- Paul Krugman once again laments the determination of anti-government fundamentalists to avoid learning the lessons that should have become glaringly obvious over 70 years ago:
In declaring Keynesian economics vindicated I am, of course, at odds with conventional wisdom. In Washington, in particular, the failure of the Obama stimulus package to produce an employment boom is generally seen as having proved that government spending can’t create jobs. But those of us who did the math realized, right from the beginning, that the Recovery and Reinvestment Act of 2009 (more than a third of which, by the way, took the relatively ineffective form of tax cuts) was much too small given the depth of the slump. And we also predicted the resulting political backlash.- Which serves as reason why Mike Moffatt's Keltner list for public policy proposals might be worth a look in evaluating the effect of gratuitous austerity.
So the real test of Keynesian economics hasn’t come from the half-hearted efforts of the U.S. federal government to boost the economy, which were largely offset by cuts at the state and local levels. It has, instead, come from European nations like Greece and Ireland that had to impose savage fiscal austerity as a condition for receiving emergency loans — and have suffered Depression-level economic slumps, with real G.D.P. in both countries down by double digits.
...
We entered 2011 amid dire warnings about a Greek-style debt crisis that would happen as soon as the Federal Reserve stopped buying bonds, or the rating agencies ended our triple-A status, or the superdupercommittee failed to reach a deal, or something. But the Fed ended its bond-purchase program in June; Standard & Poor’s downgraded America in August; the supercommittee deadlocked in November; and U.S. borrowing costs just kept falling. In fact, at this point, inflation-protected U.S. bonds pay negative interest: investors are willing to pay America to hold their money.
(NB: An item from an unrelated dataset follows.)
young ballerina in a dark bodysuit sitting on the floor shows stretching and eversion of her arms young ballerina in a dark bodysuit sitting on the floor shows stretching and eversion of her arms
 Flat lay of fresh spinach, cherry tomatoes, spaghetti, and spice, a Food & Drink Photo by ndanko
The bottom line is that 2011 was a year in which our political elite obsessed over short-term deficits that aren’t actually a problem and, in the process, made the real problem — a depressed economy and mass unemployment — worse.
- Romeo Dallaire is optimistic that the popular movements that emerged in 2011 are just starting to have their ultimate effect.
- Josh Dorner notes that "progressive" is by far the best-received political label in the U.S. - offering an opportunity to use the spillover effect of U.S. political attitudes to the advantage of the Canadian left for a change.
- Finally, David Berlin views Jack Layton's legacy as including both the building of a winning attitude within the NDP, and the transformation of that mindset into what may be the effective end of Quebec separatist sentiment.